Prior to the COVID19 pandemic, both Dr Ross and Dr Cascarina had been studying prions which are misfolded proteins that can transmit their abnormal shape onto normal variants of the same protein.
It is known that prions cause several fatal and transmissible neurodegenerative diseases, including Mad Cow Disease in cattle and Creutzfeldt-Jakob disease in humans.
Dr Cascarina's sub-focus has been on low-complexity domains ie regions in a protein's sequence that differ from typical regions in their amino acid composition and chemical behavior.
Significantly, these low-complexity protein domains have a tendency toward liquid-liquid phase separation, similar to oil separating from water. Some of these proteins form "biomolecular condensates" in a cell, which are small areas in a cell where the protein is highly-concentrated, analogous to the oil droplets that form when oil separates from water.
In their studies Dr Ross and Dr Cascarina of COVID-19 earlier this year, they found that the nucleocapsid, or N, protein in the SARS-CoV-2 virus has a low-complexity domain that may utilize liquid-liquid phase separation to facilitate the packaging of viral RNA into new virus particles that can infect neighboring cells.
This N protein may also be associated with reducing an infected cell's anti-viral stress response. Cells often form something called stress granules, a type of biomolecular condensate, to respond to a change in their environment, and these granules may have an anti-viral effect.
Dr Ross told Thailand Medical News, "The cell can react to a stress event by making changes in the cellular environment including making these modifications to some proteins."
Dr Cascarina added, "But viruses obviously want to avoid a cell's defenses.

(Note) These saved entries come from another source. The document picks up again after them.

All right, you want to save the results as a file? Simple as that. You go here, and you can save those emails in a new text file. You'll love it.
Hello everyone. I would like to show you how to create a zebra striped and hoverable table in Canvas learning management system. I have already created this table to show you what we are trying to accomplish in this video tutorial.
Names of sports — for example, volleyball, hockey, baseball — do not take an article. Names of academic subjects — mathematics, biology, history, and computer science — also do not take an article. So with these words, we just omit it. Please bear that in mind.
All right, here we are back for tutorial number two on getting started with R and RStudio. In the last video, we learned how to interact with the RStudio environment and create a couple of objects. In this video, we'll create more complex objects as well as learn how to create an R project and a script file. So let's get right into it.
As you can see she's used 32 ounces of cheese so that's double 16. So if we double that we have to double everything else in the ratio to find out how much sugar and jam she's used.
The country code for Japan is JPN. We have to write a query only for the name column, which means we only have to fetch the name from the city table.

They want to be infectious, so sometimes they are able to regulate these stress granules."
It has been observed by hijacking the normal stress response; the virus may be able to reduce the cell's anti-viral respons
Ever since the publications of their research paper on, four other labs across America have confirmed parts of Cascarina's hypothesis about the N protein.

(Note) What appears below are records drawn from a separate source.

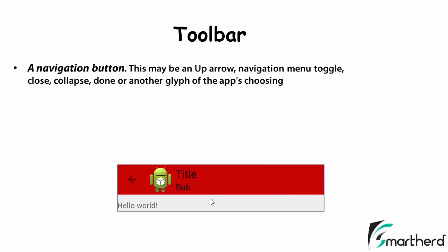Now the toolbar can consist of a navigation button. This arrow represents a navigation button. When you click on it, you can migrate to the previous activity or you can toggle a navigation menu, close it, collapse it or whatever you want to do with this navigation button.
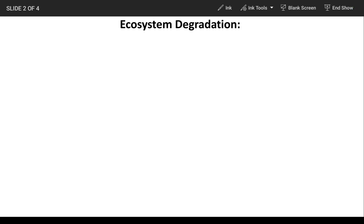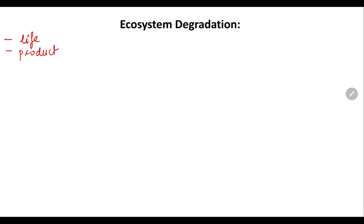Hello students, welcome. Today we will start with our new topic: ecosystem degradation. Ecosystems are the basic of life itself. Life survival depends on ecosystems, and they are very important because they provide a variety of products which are very much beneficial for the survival of humans and for the existence of human civilization.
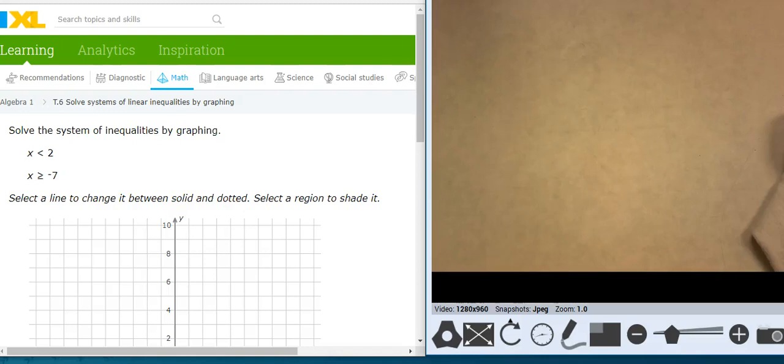Hey, this is Mr. Barr, and this is IXL — Solving Systems of Linear Inequalities by Graphing.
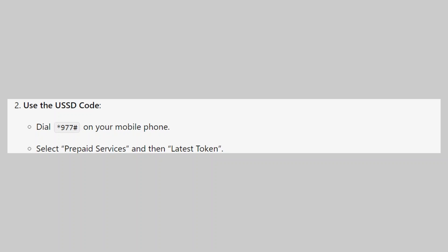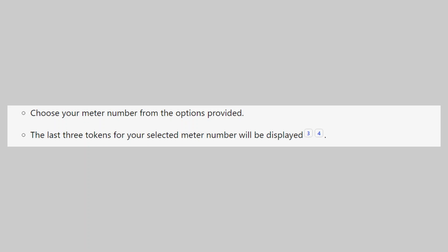Now dial asterisk 977 hashtag on your mobile phone. Select prepaid services and then latest token. Choose your meter number from the options provided. The last three tokens for your selected meter number will be displayed.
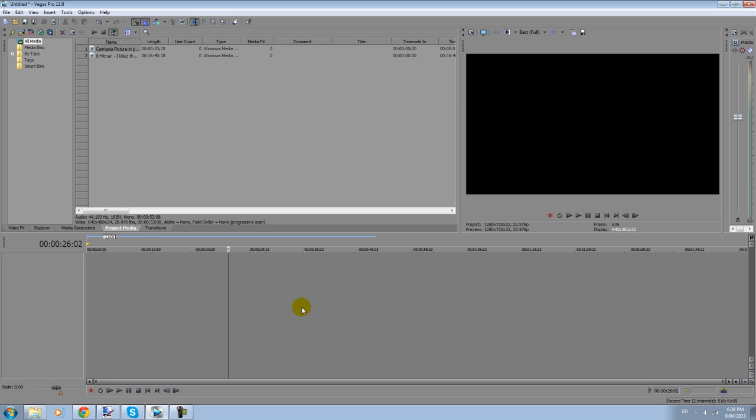Hey YouTube, my name is Brad. Today I'm going to show you how to do a picture-in-picture edit in Sony Vegas 12.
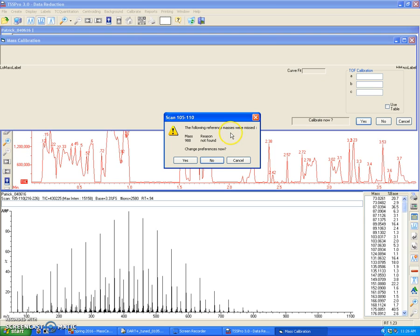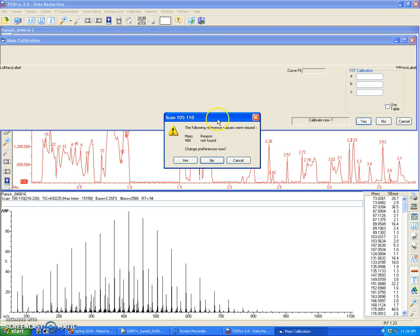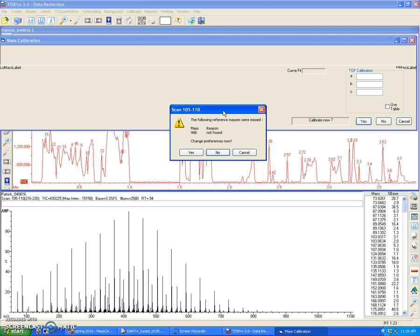This window may pop up where it says the following reference masses were missed, 988. That just means that the M over Z 988 is missing, and I don't need this region anyway, so I can ignore that. In any case, you just have to click no. You don't have to change preferences just because this calibration file takes into account a large mass region. Just click no.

In one article that Thailand Medical News had published yesterday as to how the SARS-CoV-2 coronavirus forms filopodia structures to infect nearby cells with virions or viral proteins, the formation of these condensates by the N proteins was found to be true. https://www.thailandmedical.news/news/breaking-covid-19-research-scientist-discover-unusual-way-sars-cov-2-infects-other-cells-once-inside-human-host-without-need-of-receptors
The unique application of these study findings could be for the development of treatments once a person has already contracted the virus, rather than preventing infection like a vaccine. Both of these areas of research are essential to slowing and ending the COVID-19 pandemic.

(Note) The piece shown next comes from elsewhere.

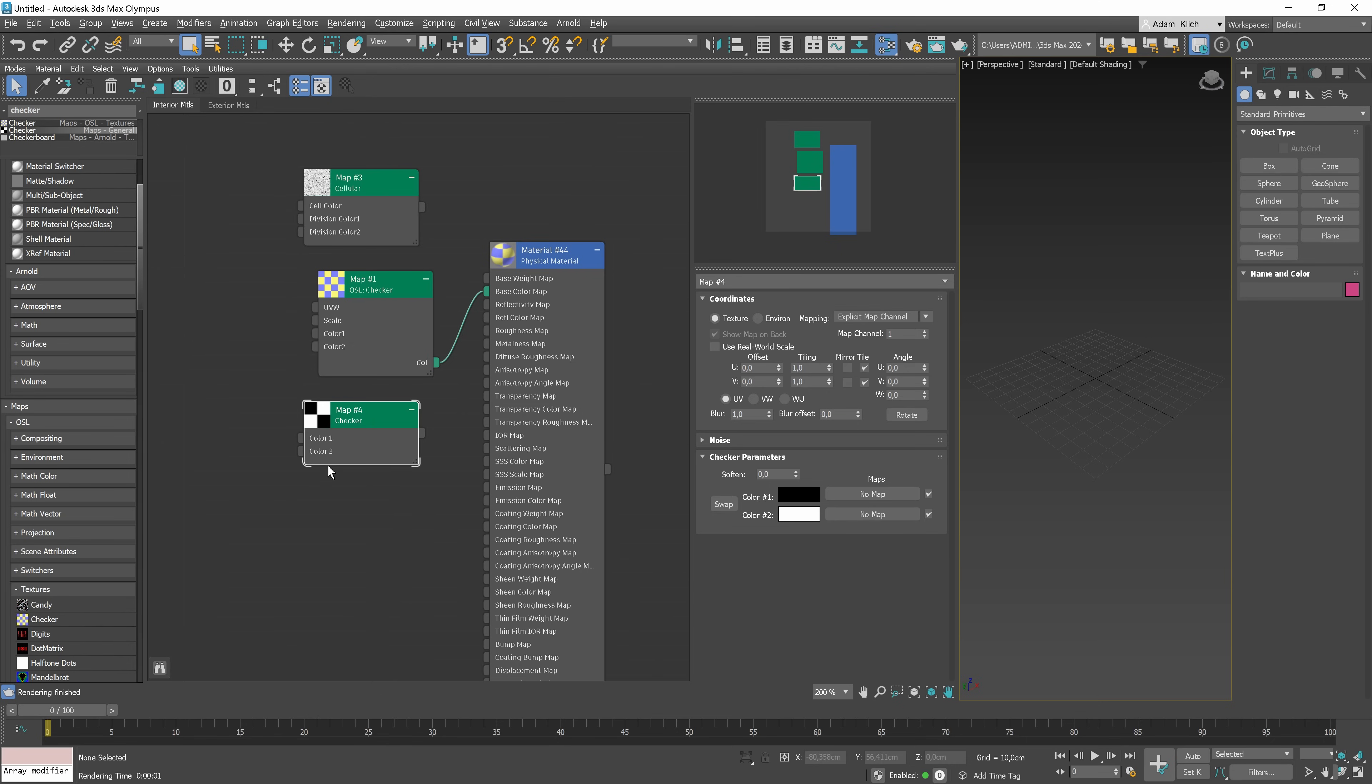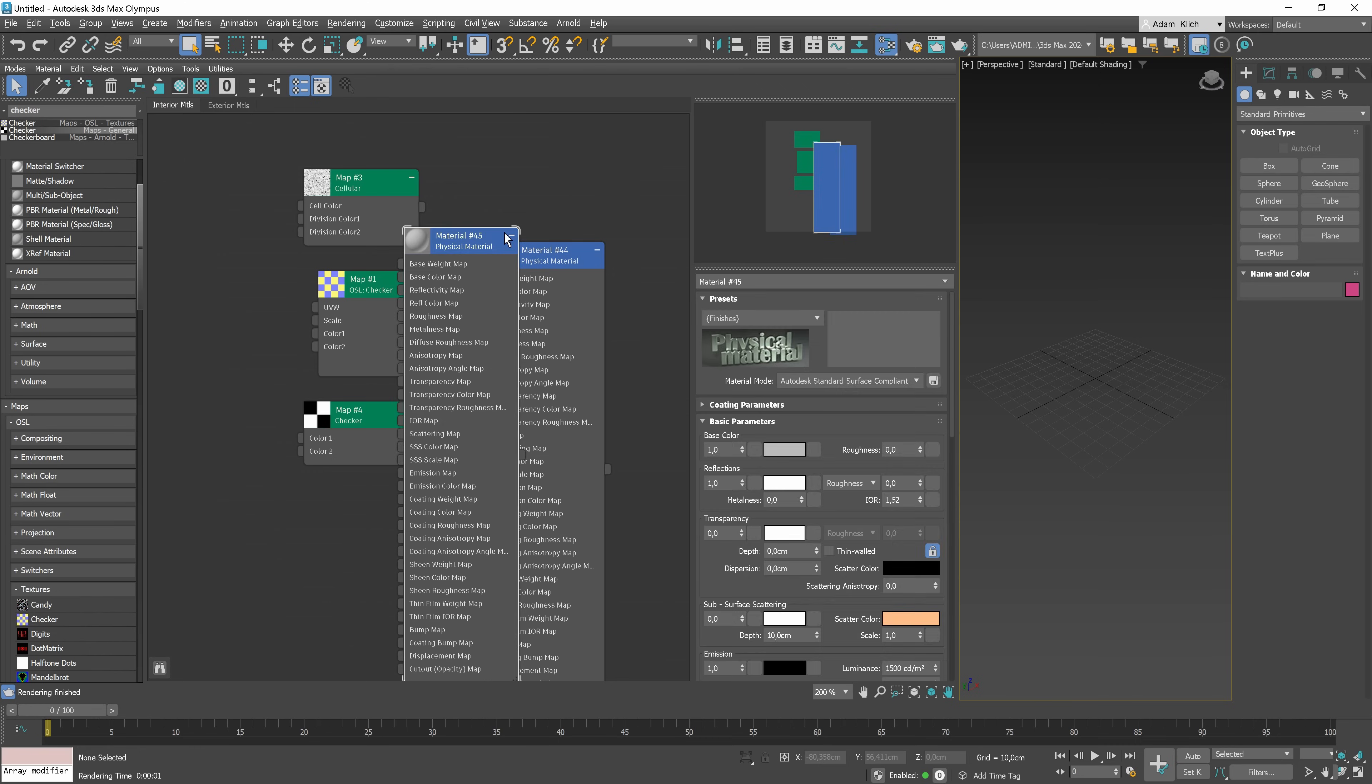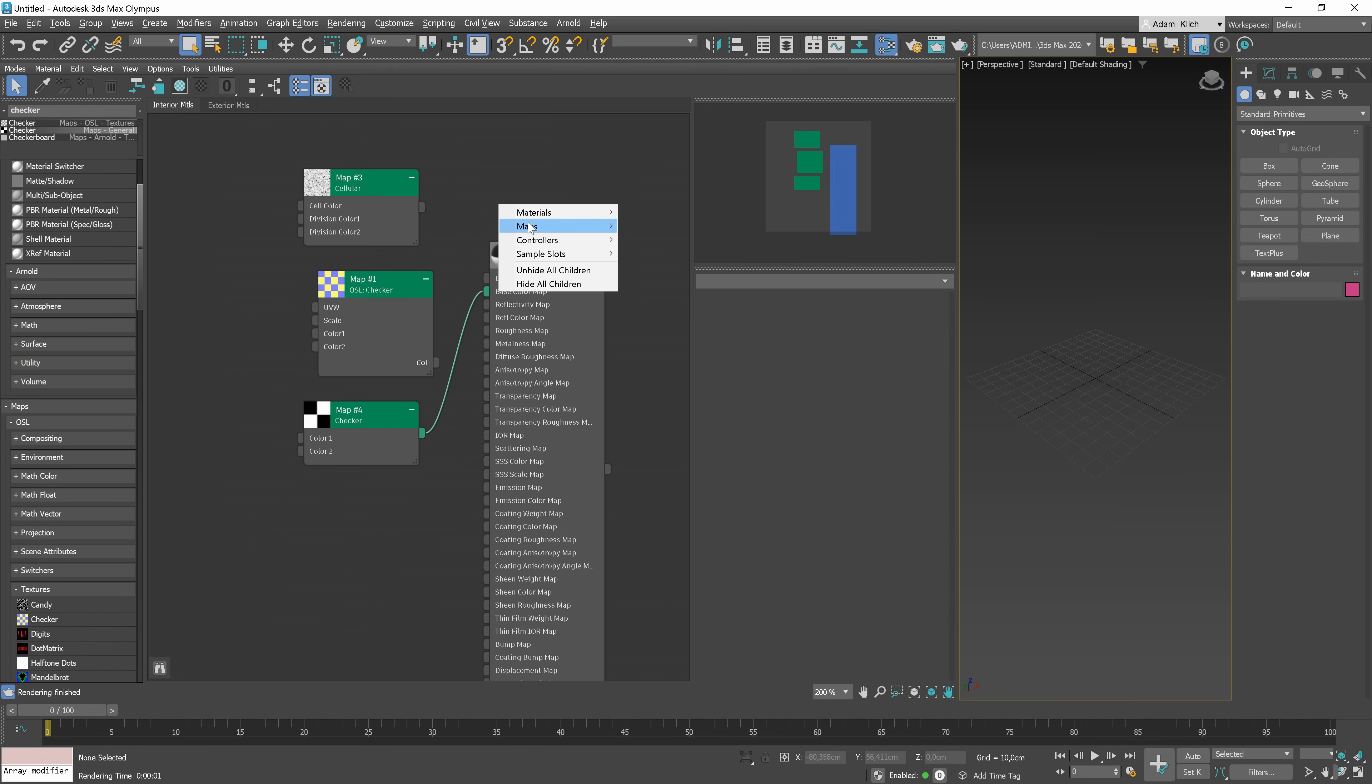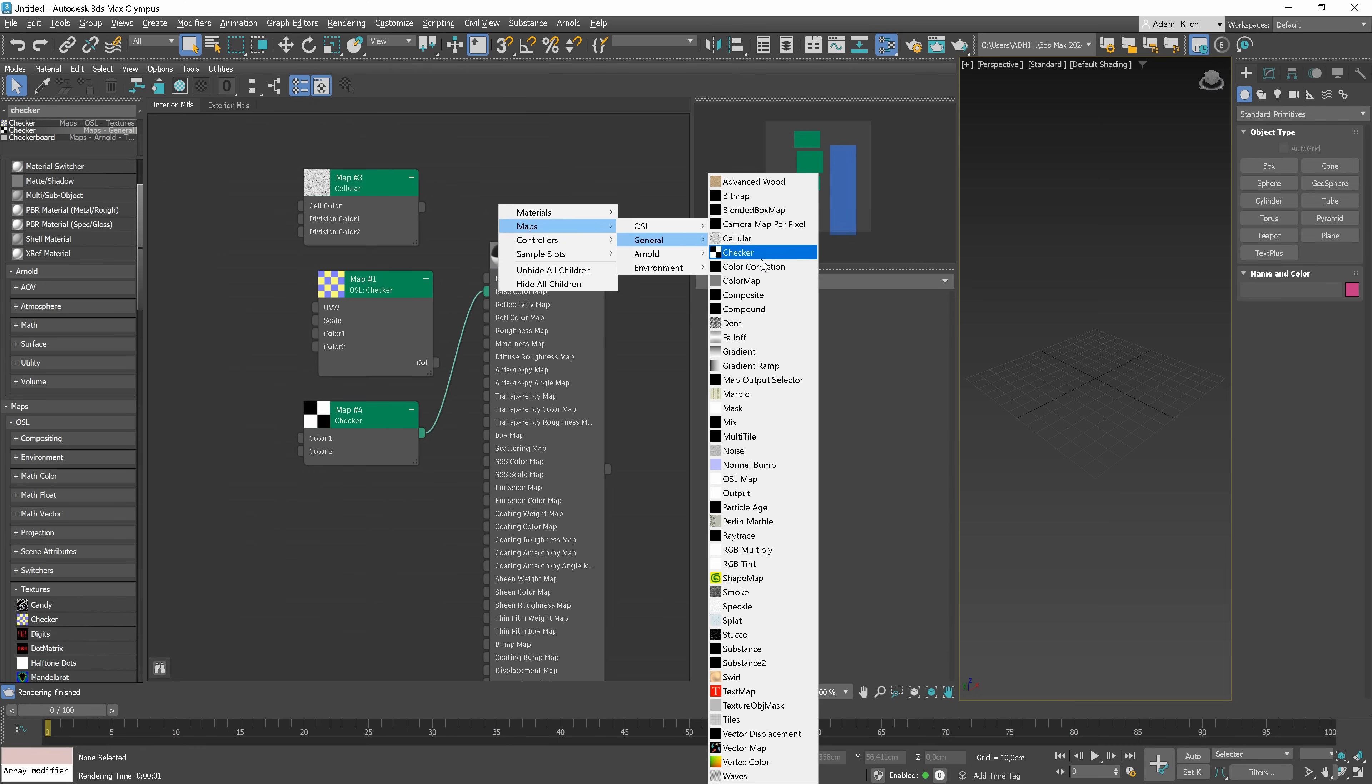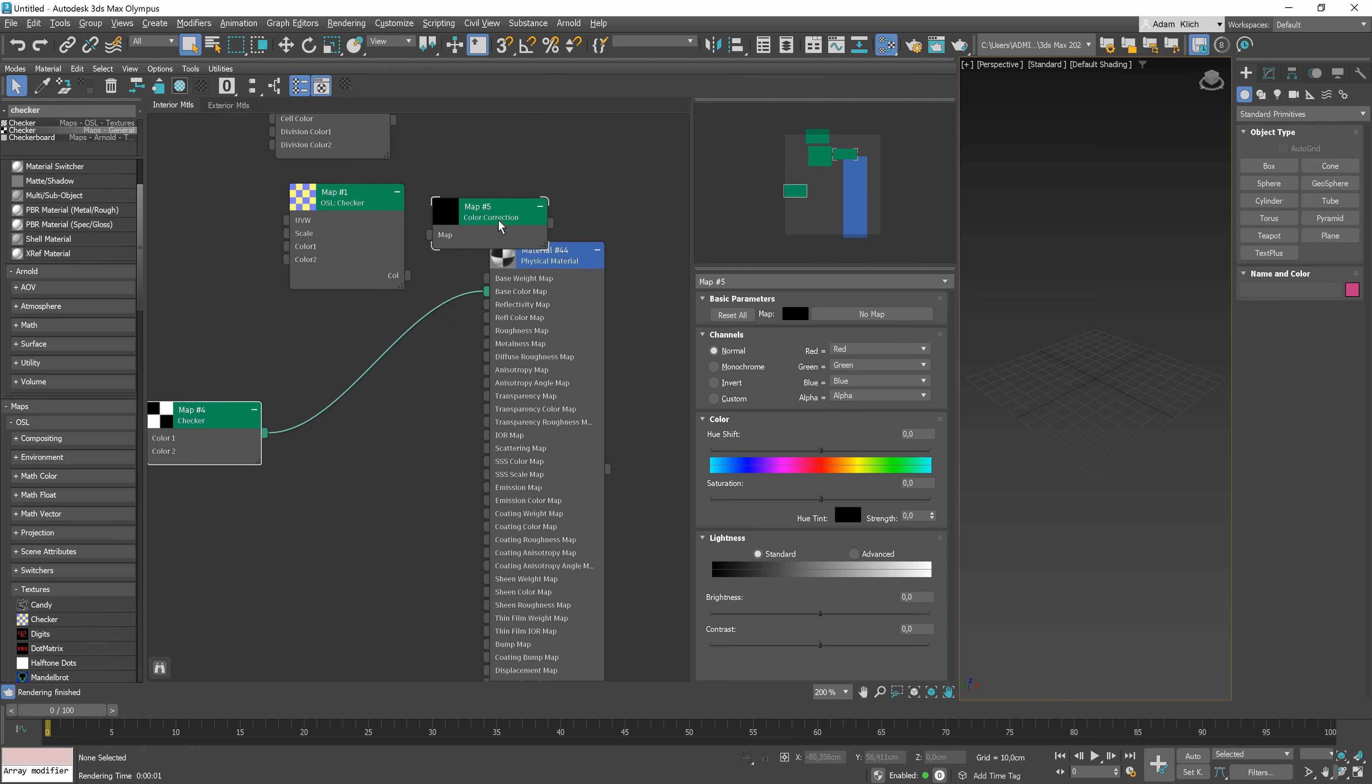We only need to type the name of the material or map we want to find. Then, we have to drag and drop it from the drop-list rollout. And again, we have to connect the map to a particular parameter output. Additionally, we can right-click on the active view and choose materials and maps from here.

Proposed models for the influence of the SARS‐CoV‐2 N protein on the formation and regulation of biomolecular condensates. A, Putative or directly observed interactions between the SARS‐CoV‐2 N protein and stress granule (SG) components. B, Three possible models for how the N protein of SARS‐CoV‐2 could affect stress granules in host cells: (1) N protein could be recruited to canonical host cell stress granules, which could have subtle or no effect on stress granules (“passive observer”), or could alter stress granule function by contributing to translation suppression, altering stress granule interactions, or remodeling stress granules; (2) N protein could recruit specific stress granule components to form unique, SARS‐specific stress granules that could serve as sites of viral translation or replication; or (3) N protein could inhibit the formation of canonical host cell stress granules by sequestering critical stress granule components. SARS‐CoV‐2 may inhibit the typical stress granule‐associated antiviral responses in host cells by suppressing downstream events that activate IFN‐β expression. Additionally, the features of the SARS‐CoV‐2 N protein that facilitate interaction with stress granules may also facilitate biomolecular condensation of N protein and genomic RNA during nascent virion formation at the ER‐Golgi intermediate compartment (ERGIC)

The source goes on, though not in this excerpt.